Mais le constat est là : toutes durées confondues, le taux moyen des crédits à l'habitat s'établit à 1,43 %. Il est proche de son plancher en valeur faciale, et même au plus bas depuis le choc pétrolier de 1973 si l'on tient compte de l'inflation !
Ce constat appelle à la fois un satisfecit et une mise en garde. Le satisfecit, c'est que le marché fonctionne bien. La concurrence féroce que se livrent les banques tire le prix vers le bas au plus grand bénéfice des particuliers. Mais elle s'effectue dans un cadre qui reste sain. Les établissements ne dépassent pas les "bornes" ; ils rechignent à prêter plus que la veleur du bien ou à solliciter des emprunteurs qui n'ont pas les reins assez solides.
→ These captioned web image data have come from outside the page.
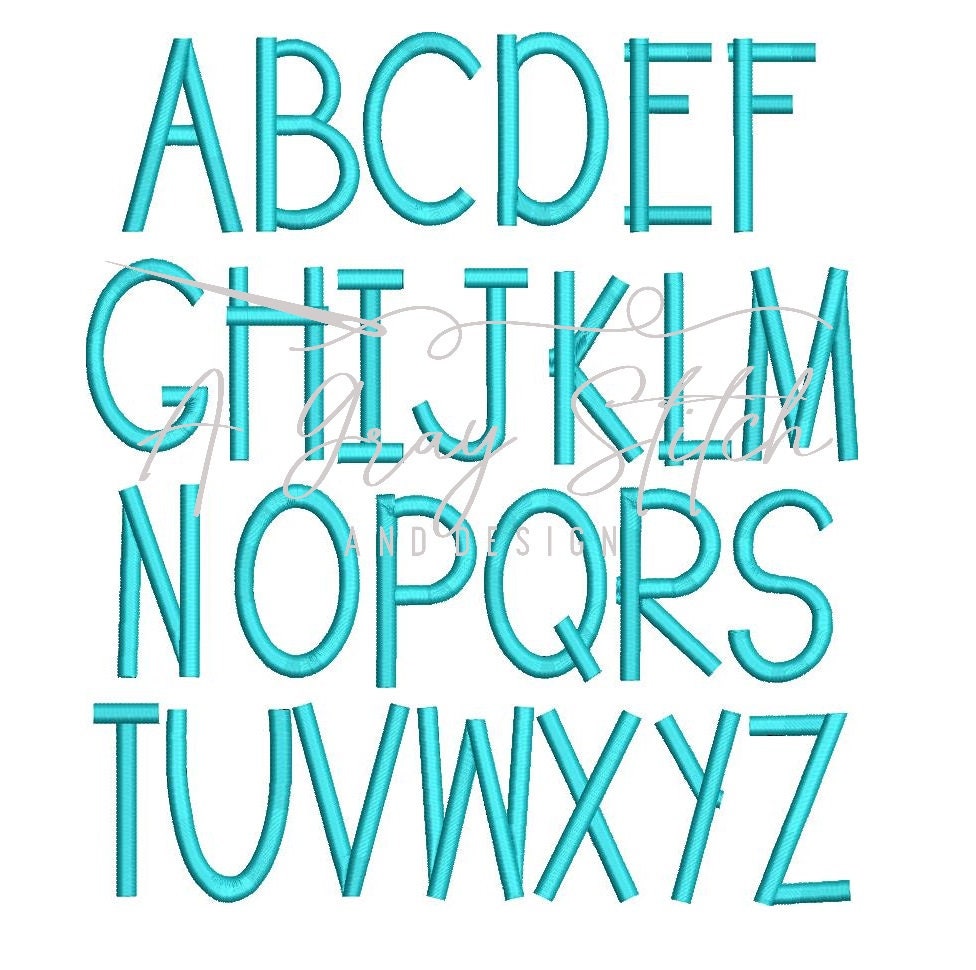 Sadie Hawkins Satin Machine Embroidery Font Alphabet BX included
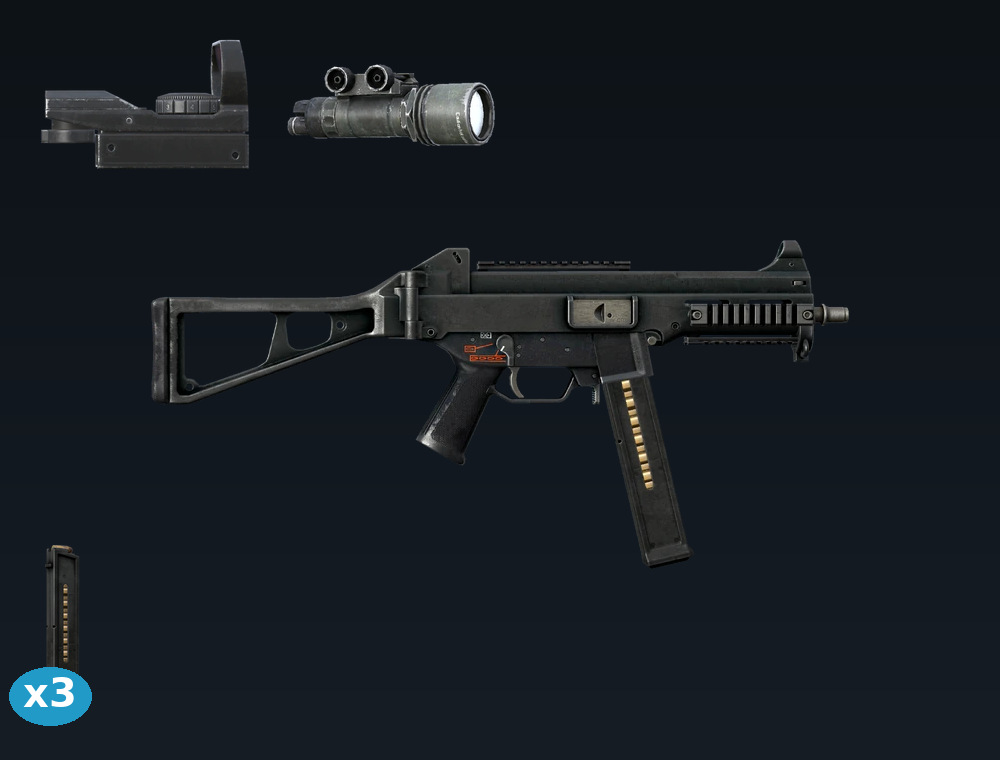 UMP-45 — DayZ UMP45 package, shown with its real game graphic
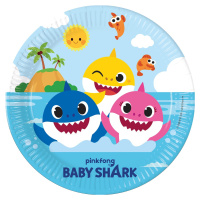 Procos Kvalitné kompostovateľné taniere - Baby Shark 8 ks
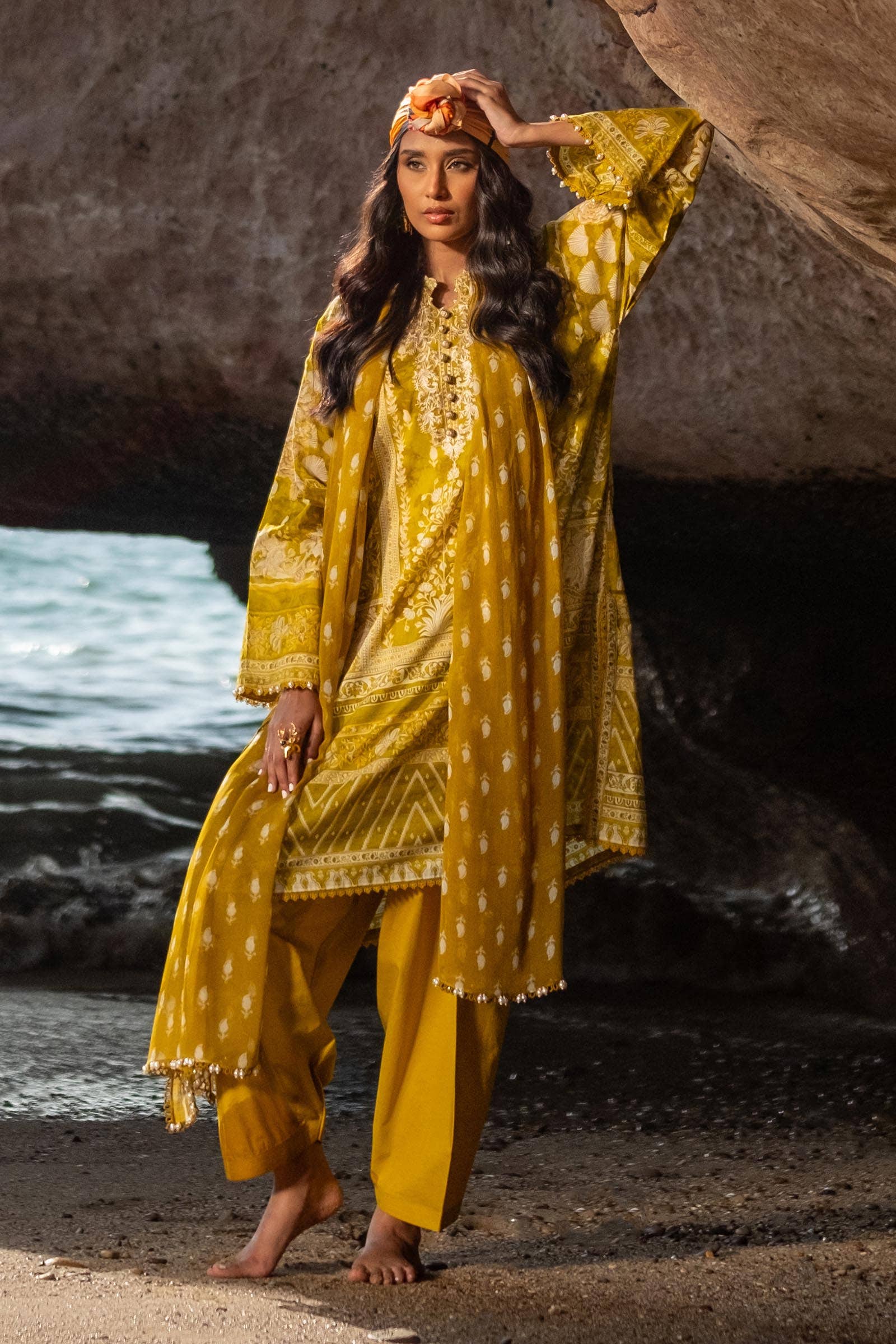 Sana Safinaz | Mahay Spring 24 | H241-005B-3CI - House Of Hania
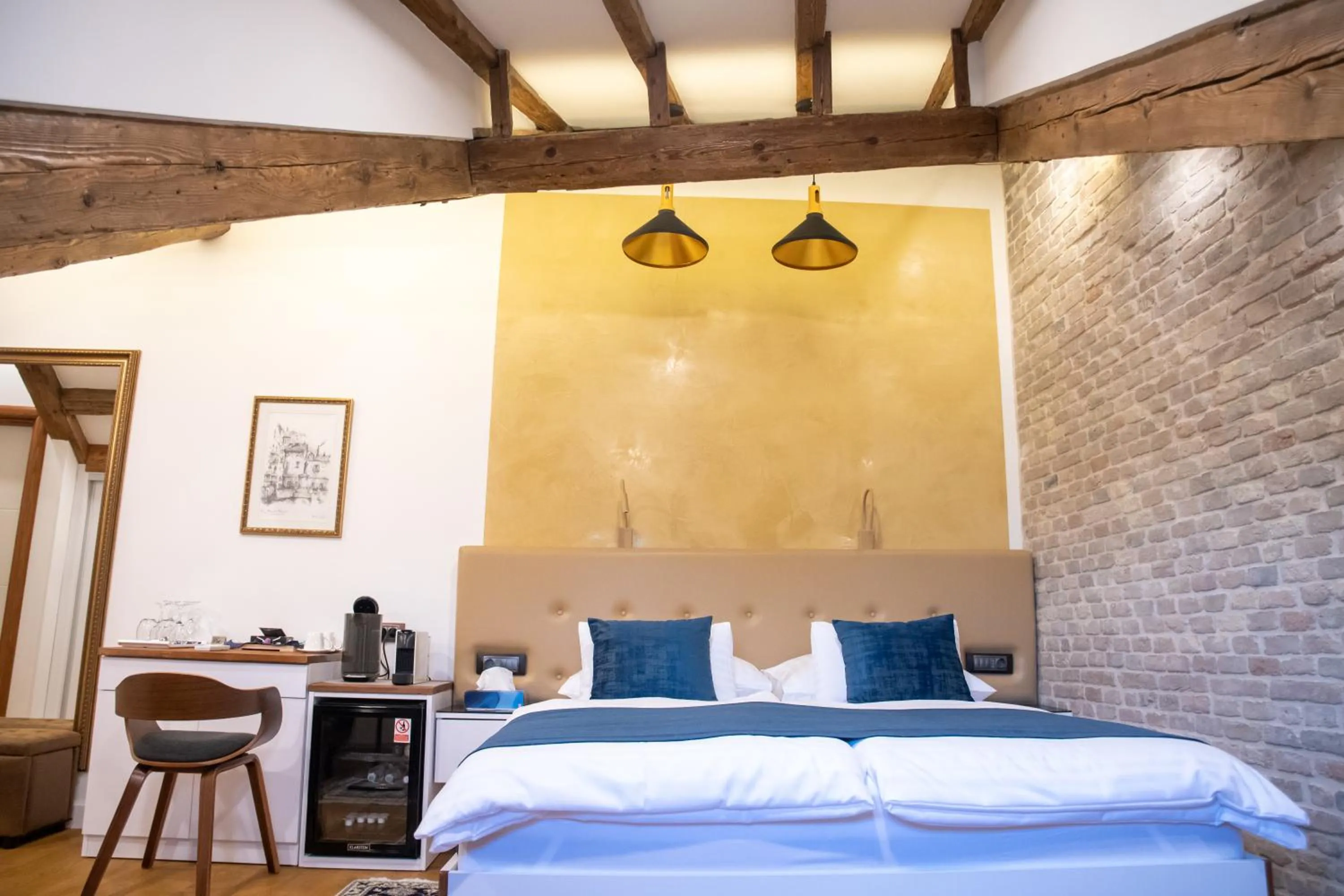 Bed in Oblivion Luxury Rooms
Autrement dit, ils ne commettent pas les erreurs qui ont conduit l'Irlande ou l'Espagne vers une grave crise bancaire, ou les dérives qui ont précipité la crise des "subprimes" aux Etats-Unis.
Cela ne doit pas empêcher la mise en garde. Pour les banques d'abord. Le jour approche où les taux d'intérêt vont commerncer à remonter. La Banque centrale européenne ne cesse de le répéter, tout comme les autorités de régulation. Il faut donc s'assurer qu'elles se protègent bien contre ce risque. Pour tous les Français ensuite. Cette période bénie ne doit pas les entretenir dans l'illusion que l'argent coulera toujours à flots et qu'il sera toujours aussi bon marché. Les créanciers finissent toujours par demander des comptes. C'est vrai pour les emprunteurs immobiliers. C'est vrai pour les contribuables que nous sommes tous. Le plus gros emprunteur de ce pays, et de très loin, c'est bien l'Etat. Et il ne pourra pas profiter éternellement de la mansuétude de ceux qui financent son train de vie.